Brian Kenna (54) of Crumlin Park, Crumlin, Dublin had denied membership of an unlawful organisation within the State, namely Óglaigh na hÉireann, otherwise the Irish Republican Army, otherwise the IRA on November 21st, 2015.
During his trial, the three-judge, non-jury court heard evidence from Garda Assistant Commissioner Michael O’Sullivan who said that he believed Kenna was an IRA member on the date in question.
Supporting evidence for the assistant commissioner’s belief was that in November 2014 Chief Superintendent Tom Maguire briefed members of the Special Detective Unit (SDU) of the information that Kenna would be in Portlaoise prison engaging in IRA activities.

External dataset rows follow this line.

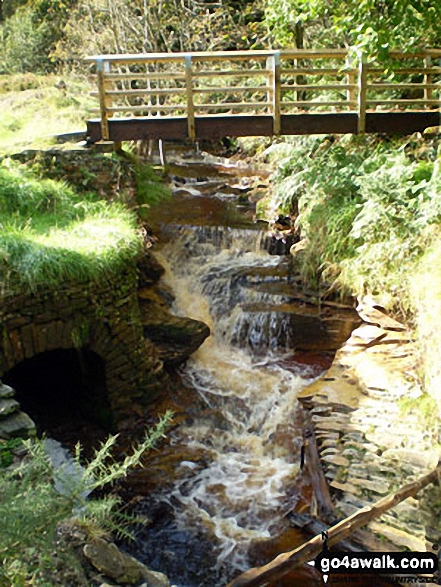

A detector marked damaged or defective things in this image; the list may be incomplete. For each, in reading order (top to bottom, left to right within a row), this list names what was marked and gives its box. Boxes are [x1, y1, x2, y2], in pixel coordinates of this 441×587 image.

broken wooden stake [227, 460, 440, 587]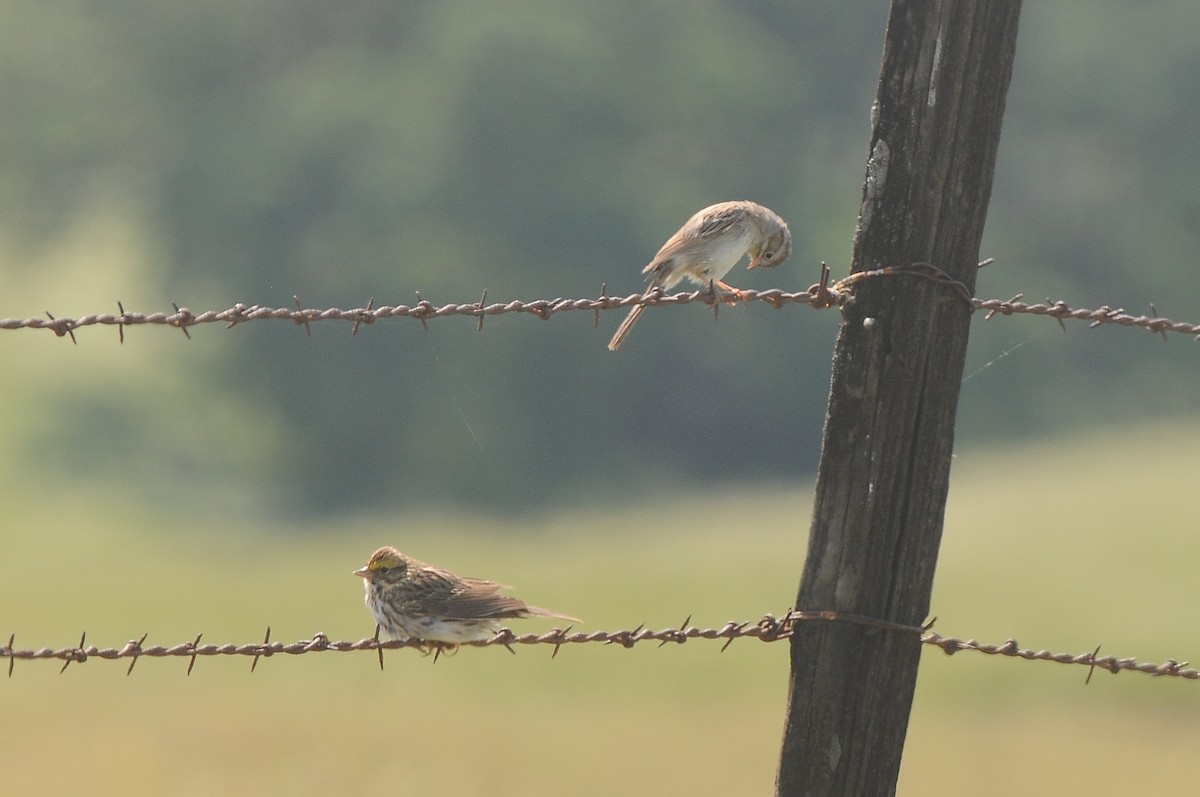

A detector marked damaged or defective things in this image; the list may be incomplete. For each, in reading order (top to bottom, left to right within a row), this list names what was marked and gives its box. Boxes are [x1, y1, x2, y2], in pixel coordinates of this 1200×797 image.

rusty wire [9, 261, 1200, 343]
rusty wire [2, 612, 1190, 681]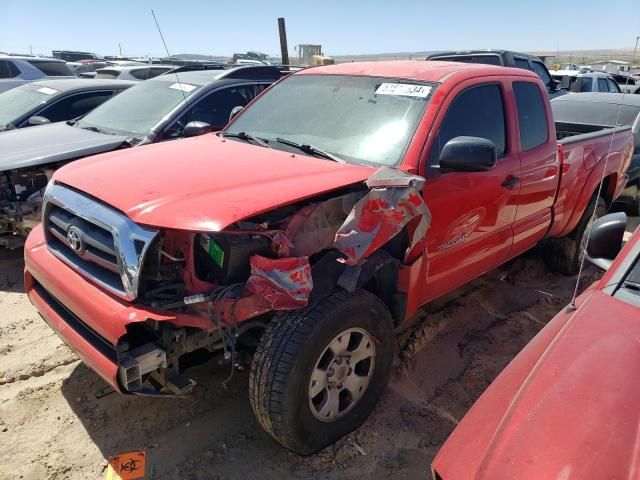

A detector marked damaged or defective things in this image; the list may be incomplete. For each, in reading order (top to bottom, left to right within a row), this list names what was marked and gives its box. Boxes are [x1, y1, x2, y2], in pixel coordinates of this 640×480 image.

crumpled hood [0, 122, 130, 172]
crumpled hood [55, 134, 376, 232]
destroyed fender [336, 167, 430, 266]
destroyed fender [245, 256, 312, 310]
crumpled hood [436, 288, 640, 480]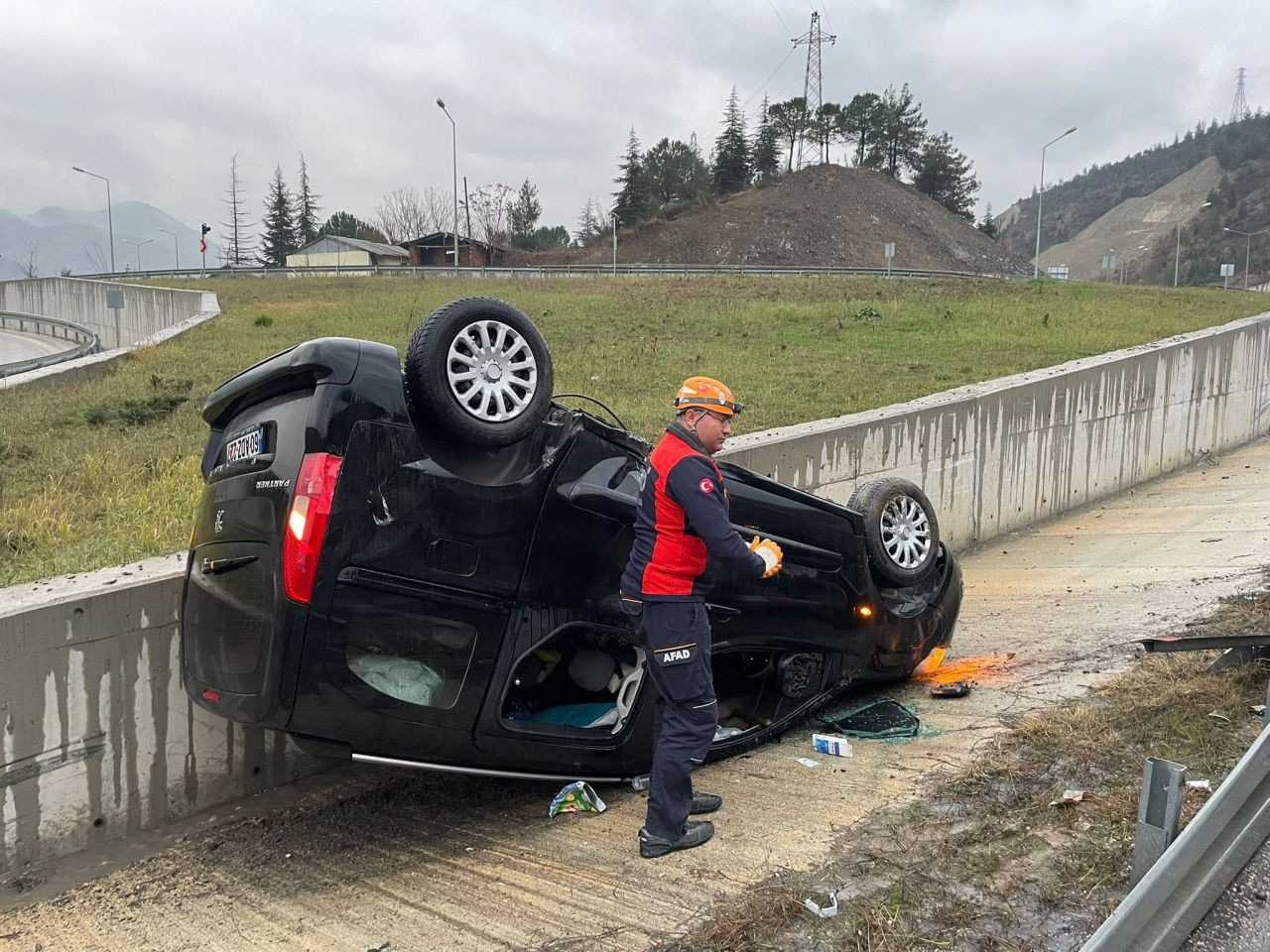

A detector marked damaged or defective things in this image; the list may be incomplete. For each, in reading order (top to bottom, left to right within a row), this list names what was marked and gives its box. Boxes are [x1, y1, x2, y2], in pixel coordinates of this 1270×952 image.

overturned black vehicle [184, 298, 960, 781]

Three SDU members, including Det Sergeant Padraig Boyce, travelled to Portlaoise on November 21st.
The court saw CCTV footage of Kenna arriving at Portlaoise prison at 10.20am.
Later that afternoon, when he left, he was seen holding white objects in his left hand, which gardaí later discovered were Christmas cards.

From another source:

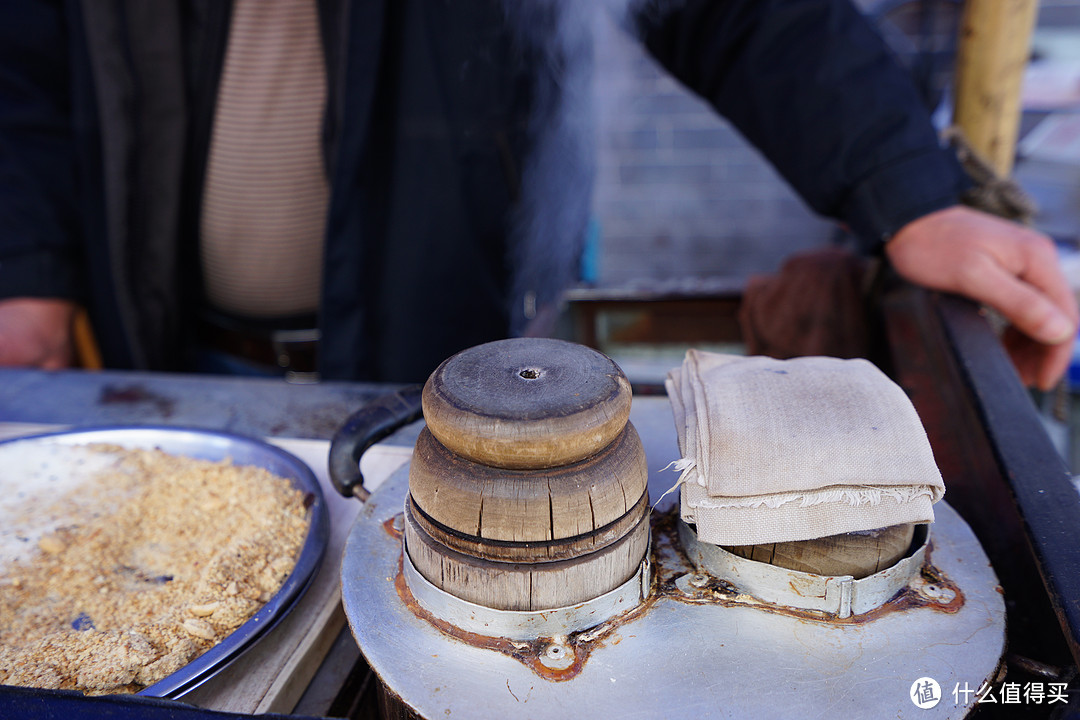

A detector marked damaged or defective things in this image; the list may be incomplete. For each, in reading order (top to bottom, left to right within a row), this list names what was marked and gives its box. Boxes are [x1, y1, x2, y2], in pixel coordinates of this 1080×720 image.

Kenna was stopped by the detectives in the prison’s carpark, and was searched by Det Sgt Boyce. When the detective turned out Kenna’s jeans’ right pocket a small item wrapped in clingfilm fell to the ground.
Kenna denied any knowledge of the item and laughed.
The detectives recognised the item as an IRA communiqué.
Inside the clingfilm were three cigarette papers, adhered together, and covered in handwriting.
The message described a debriefing that had been carried out of three men recently arrested after an intercepted IRA operation in Rathkeale, Co Limerick. The men had been in custody in Portlaoise prison but had been released on bail.
Two of the men, Conor Hughes and Darren Fox, later pleaded guilty to the unlawful possession of a sawn-off shotgun and two shotgun cartridges at Kyletaun, Rathkeale, Co Limerick on October 31st, 2015.
A third man, James Smithers, was found guilty of membership of the IRA on the same date.
The message said that the men had “behaved as expected in custody” and was signed by the commanding officer of the IRA in Portlaoise prison.
Delivering judgement on Thursday, Mr Justice Tony Hunt, presiding, said that the court was satisfied it was a communiqué in relation to IRA activities, suggesting that the three men had been observed and debriefed in prison.
Mr Justice Hunt said it was not a reasonable proposition that the document came to be in Kenna’s pocket without his “knowledge, input or consent”.
It was “an active and deliberate act in the furtherance of the aims of the IRA”, the judge said, adding that carrying the message was a task that was “not to be entrusted to the ignorant or the untrustworthy”.
Kenna was remanded in custody until May 29th, when he will be sentenced.